Technology

Why I’m in love with Flock

I don’t like to waste a lot of Clog time talking about user interfaces: one should never sleep in one’s own poop, or whatever that saying is.

But I must admit to falling in love with Flock, the self-styled social networking browser.  I’m actually writing this post in a Flock pop-out window that will seamlessly publish this post to The Clog.  How?  I told Flock that I use Blogger.  As I told it that I use facebook, Flickr, photobucket, de.licio.us, and Magnolia.  In a single browser, I can post to, retrieve from, and manage certain aspects of my so-called social networking experiences — often without even visiting those sites.

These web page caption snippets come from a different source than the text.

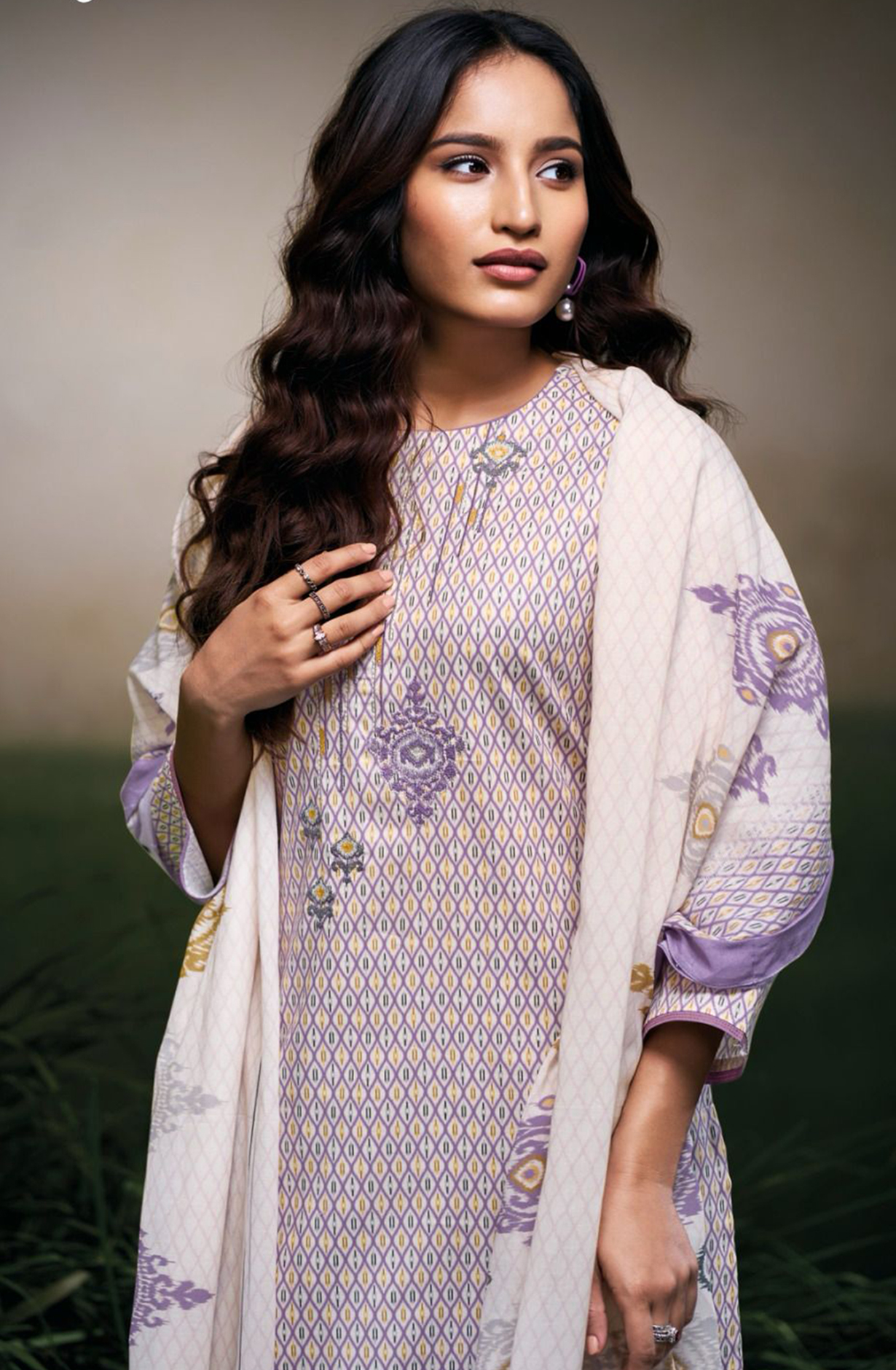 Purple Cotton Printed Suit set with Cotton Dupatta - AZAS3478B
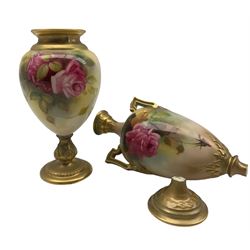 Early 20th century Royal Worcester vase, of twin handled urn form, hand painted with roses, with green printed marks beneath including shape number 247 (a/f), another vase by Mildred Hunt, hand painted with roses, signed M. Hunt, on gilt pedestal base,  with puce printed marks beneath including shape number 2260, H14.5cm (2)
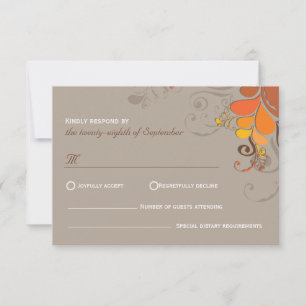 Automne Déco Floral Frotles Mariage Carte RSVP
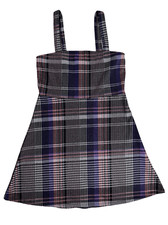 Forever 21 Sleeveless Plaid Mini Dress Size L Multicolor Wide Strap Preppy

Flock is part dashboard, part feed reader, part browser.  It does all three well.  I can have a list of my facebook friends in a left panel, quickly access notifications, and modify my status while simultaneously viewing a media stream of the content I’ve uploaded to sites like Flickr.  All while viewing normal web pages across the multiple tabs that are now common.

With its intense attention to RSS and search robustness, I can do two or three things at once, without having to rely on external content tools or skipping across page tabs.  This is the immediate future of the browser — focused, strategically sensible integration.

As much as I love Firefox for filling the vacuum left by Netscape, I have to say that I’ve installed Flock on all three of the computers I use and launch it when I’m in the mood for a variety of distractions related to the disparate silos of my life online.